When we came into office six years ago, only 45% of the country had access to superfast broadband. To date, we have provided superfast broadband to 90% of the UK—an extra 4 million homes and businesses. By the end of next year, we will have reached 95%. That is the result of a huge investment by the Government, local councils, devolved Administrations and BT, which totals some £1.7 billion. That is no mean achievement. However, we cannot stop there; we need to continue working to connect significantly rural areas such as the High Peak. The progress made since 2010 is welcome, but the rurality of the High Peak makes it crucial that we continue to drive this forward. We cannot rest on our laurels thinking, “Aren’t we clever?” and congratulating ourselves on a job well done.
There are many advantages to living and working in the countryside, and particularly in the High Peak. We have fabulous countryside, outdoor pursuits, clear air and breathtaking scenery. The area could be called the playground of England. However, there are challenges, and some might say that there is a price to pay for all those benefits. Things that many urban areas take for granted are not as readily available in rural areas. When I was elected to this place six years ago, I was struck by the fact that when I leave the flat to come to work, there is a bus every five or six minutes. In rural areas, we get one every half hour or every hour.
Some things are very different in rural areas, and fast, efficient broadband is one of those things. It is crucial to a successful business. No matter how beautiful the surroundings, how breathtaking the scenery or how clear the air, if a business cannot operate profitably and successfully, all those wonderful things pale into insignificance. Rural areas such as mine need businesses. We need them to be successful, so that they can create jobs and support the local economy. We have a fantastic tourism industry, but in the winter we need other businesses to support our local economy.
Although we have made great strides in rolling out faster, better broadband, the last 5% that we talk about is just as important as the first. A new broadband universal service obligation that gives all citizens and businesses the legal right to a fast broadband connection is something that I would welcome with open arms. My hon. Friend the Member for Harrow East (Bob Blackman) mentioned it. He used to work for BT, so he will have greater knowledge of this than I do, but I agree with everything he said.
I have said in this Chamber and elsewhere on many occasions that, in my view, broadband is now the fourth utility. Many years ago, we had a small business based in my home village of Chapel-en-le-Frith. In those days, we used to advertise in the Manchester Evening News and the Exchange and Mart, and the phone number was the main thing that people looked for.
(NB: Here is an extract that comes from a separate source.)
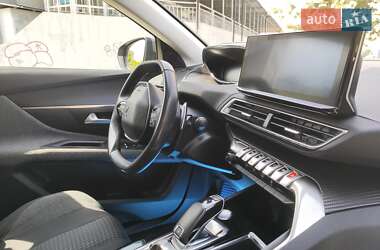 Внедорожник / Кроссовер Peugeot 3008 2021 в 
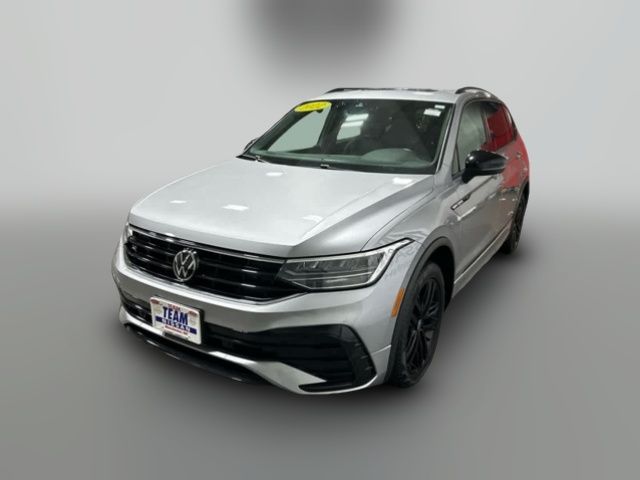 2022 Volkswagen Tiguan SE R-Line Black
The phone number at the time started with 0298—it was before the 1 was put in—and we moved the business to Greater Manchester, which was only a few miles down the road, to get the 061 area code so that people would see the phone number and think, “Ah, that’s Manchester.” Somebody in, say, Bolton would look at it and think, “They are just down the road,” although actually we were not that close. Those were the sorts of decisions that people made then; that was in 1982.
Things have changed hugely since then—as, I suspect, have most of us. Businesses that want to start up or relocate look for different things, but one of the first things that they consider nowadays is the availability and speed of internet access. Existing businesses have also contacted me to express their concerns about broadband provision. This is about not just attracting new investment and new businesses to rural areas, but retaining the businesses that we already have.
There is an industrial estate in Buxton, in my constituency, called Tongue Lane. Several companies trade on the estate, employing many local people between them. I want to touch on two briefly. Bells Shoes exports hundreds of pairs of shoes around the world. Over the years, it has grown from a high street retailer—it is well known on the high street in Buxton, in Spring Gardens—to a significant exporter of shoes across the world. It is a testament to its commitment to the area that it has remained in Buxton.
Otter Controls—everybody in this room probably uses one of its products—makes thermostats. It was started after the second world war, when the founder of the company devised the bimetal strip to enable the temperature to be controlled in electrically heated flying suits for the Royal Air Force. That, in itself, is a fantastic story, but we are time-limited today, so I cannot go into it. The company operates on Tongue Lane industrial estate and employs many local people.
Both companies, and others on the estate, have contacted me recently about the inadequate broadband provision. The estate was not originally included in the Digital Derbyshire scheme, but because of savings and advances in technology, it now will be. That is good news, not only for the companies but for the many local people that they employ. As both companies are significant exporters, it is also good news for UK plc.
There will be a discussion about what is termed “fast”: how fast will it be, will it be fast enough and can it be made faster? The initial commitment, as part of the universal service obligation, is 10 megabits per second, but we need to be sure that that is future-proofed. As more and more services are provided online as time progresses, it must be possible to speed it up. I am sure that those finer details will be explored during proceedings on the Bill. I welcome the fact that Ofcom will be given the power to review the speed to ensure that it remains sufficient for the needs of the day.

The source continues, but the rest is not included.